There were emotional scenes in east Belfast at the weekend as a 91-year-old widow, whose husband was murdered by the IRA, witnessed the unveiling of an Orange lodge banner in his memory.
Newtownards Road area resident James McCurrie was shot dead along with Bobby Neill when IRA gunmen opened fire from the grounds of St Matthew’s chapel into the neighbouring Protestant district in June 1970.
Although republicans often refer to the incident as having occurred during a “gun battle,” an investigation by the Historical Enquiries Team found that both men were innocent victims and not members of any paramilitary organisation.
On Saturday evening, Mrs McCurrie and other family members were invited to Ballymacarrett Orange Hall where the local Gertrude Street Defenders lodge was dedicating a banner in memory of the two men.
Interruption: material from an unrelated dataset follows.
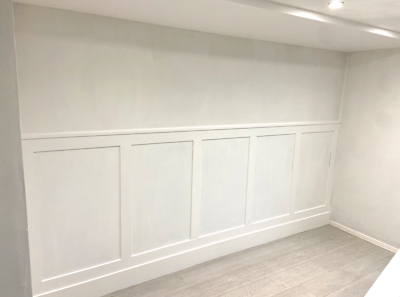 Two-Tone Hallway Wainscoting Shaker Grid Board and Batten Modern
Mary McCurrie accompanied her mother to the dedication ceremony.
She said: “The banner means a lot to the whole family. I was amazed and so touched when I was told he was being remembered like this. As a family we are honoured, and we can’t thank the lodge enough.”
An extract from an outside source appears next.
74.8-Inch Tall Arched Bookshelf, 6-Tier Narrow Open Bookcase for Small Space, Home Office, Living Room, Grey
Ms McCurrie said her mum was very emotional on the night.
“The dedication service was lovely and we have been moved by the gesture.”
Ms McCurrie has also appealed for anyone involved in the shooting to “search their conscience” and go to the PSNI with information.
“Everybody in the area knows who was there that night, but the general attitude of the police is that they can’t do anything unless there is new evidence,” she said.
“The IRA commander that night has boasted in various Irish republican publications about what they call the ‘battle of St Matthew’s’. They have also told a lot of lies about it to try to justify what they did.
“The IRA opened up on innocent, unarmed Protestants. This was a pre-planned attack by the Provos to get themselves on the map.”
A Catholic man found dead in the grounds of St Matthew’s around the same time, Henry McIlhone, is believed to have been accidentally shot by the IRA.